• WHAT IS BEING ASKED: Please retype every entry as written, and keep the pictures out.

MATERIAL SHOWN below:

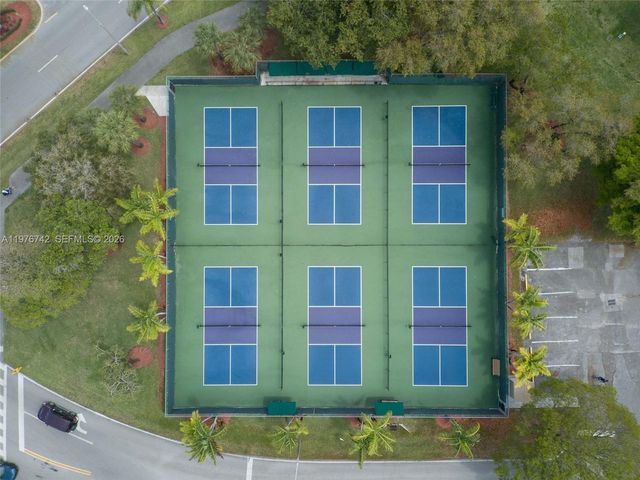 1201 SW 141st Ave 110J, Pembroke Pines, FL 33027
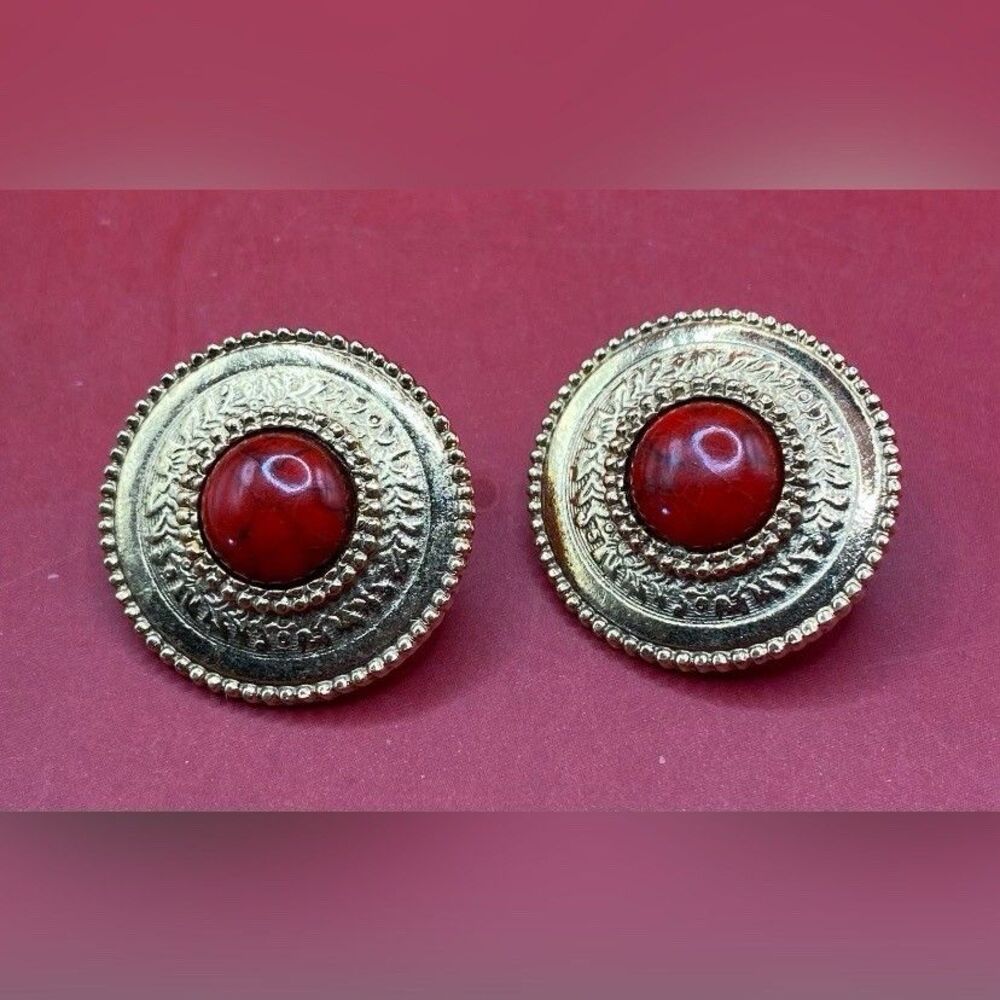 Women’s Earrings Round Gold Tone Orange Stones 1” Pierced Stud MCM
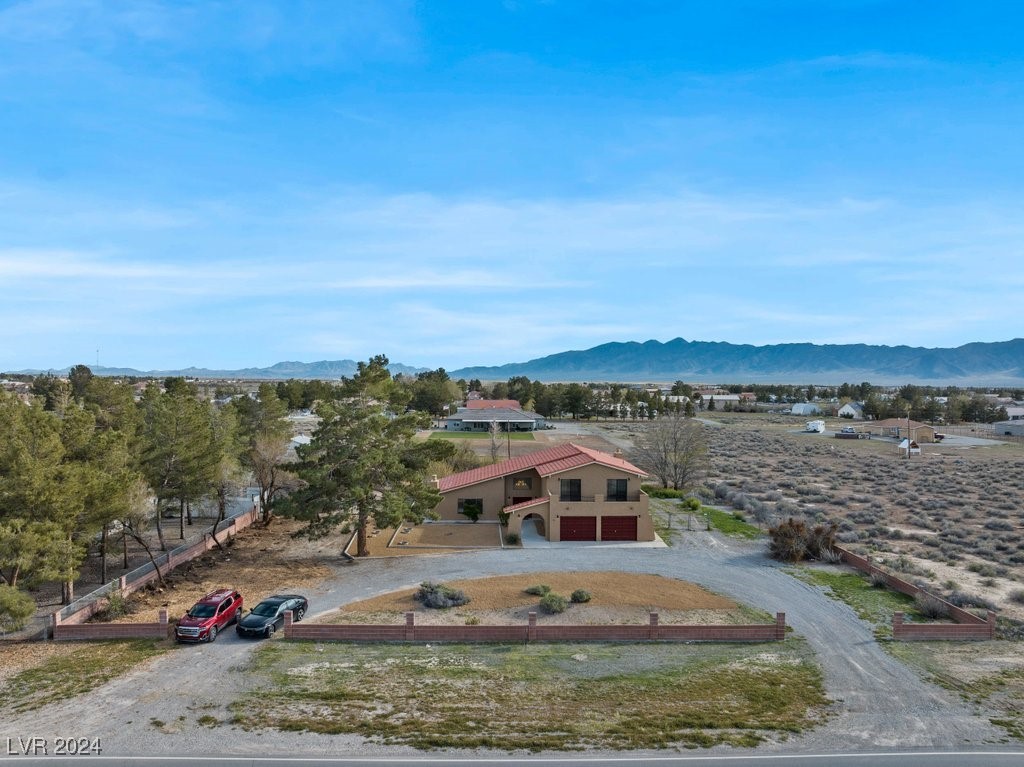 851 West Calvada Boulevard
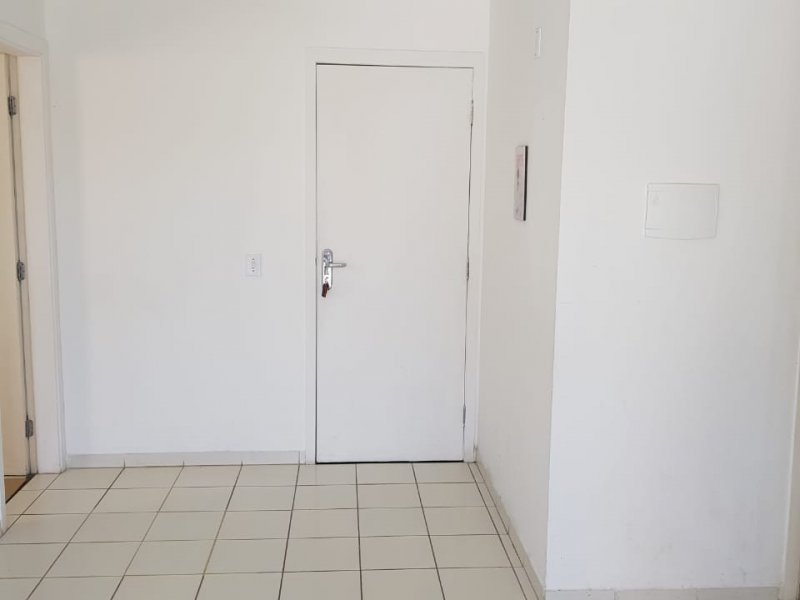 imóvel com 68m² - Serraria - São José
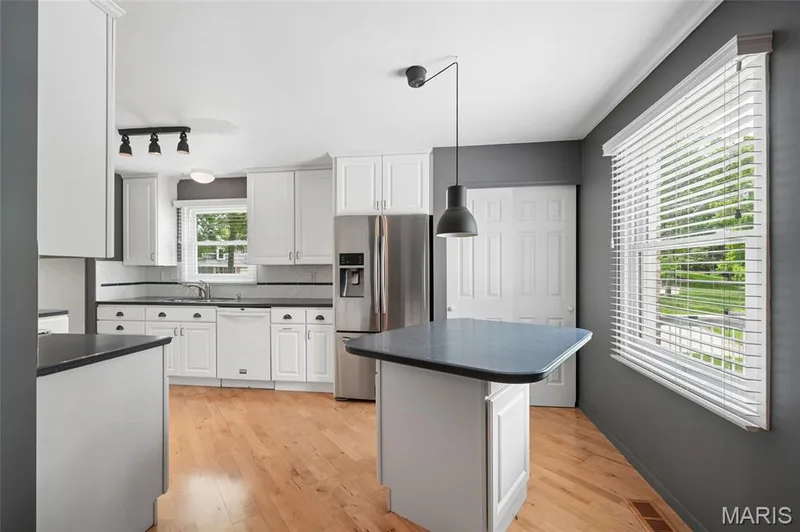 kitchen — 15645 Dresden Lake Court, Chesterfield, MO 63017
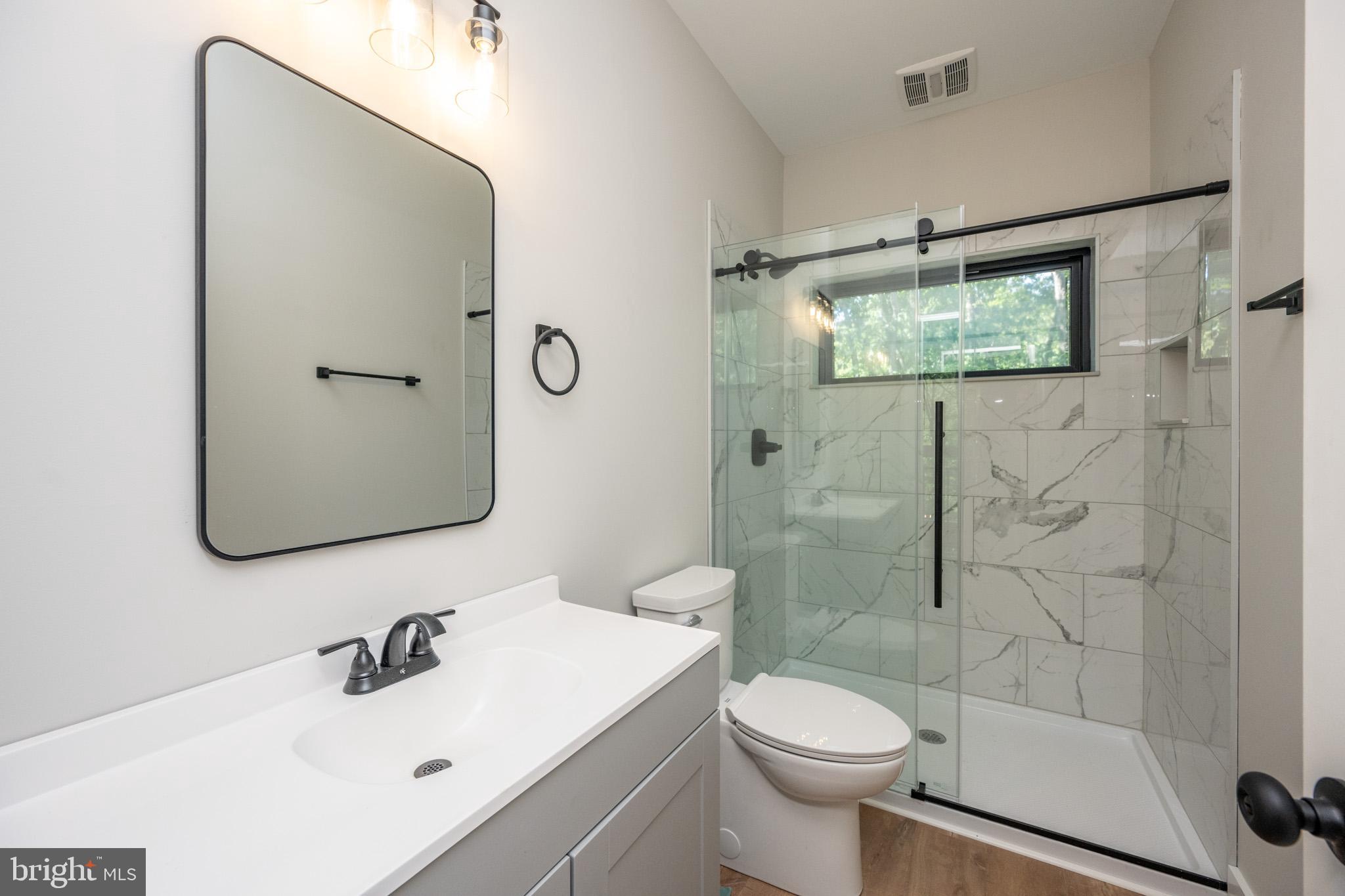 RED BRUSH - Residential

End of MATERIAL SHOWN.

• EXERCISE SOLUTION:
 1201 SW 141st Ave 110J, Pembroke Pines, FL 33027
 Women’s Earrings Round Gold Tone Orange Stones 1” Pierced Stud MCM
 851 West Calvada Boulevard
 imóvel com 68m² - Serraria - São José
 kitchen — 15645 Dresden Lake Court, Chesterfield, MO 63017
 RED BRUSH - Residential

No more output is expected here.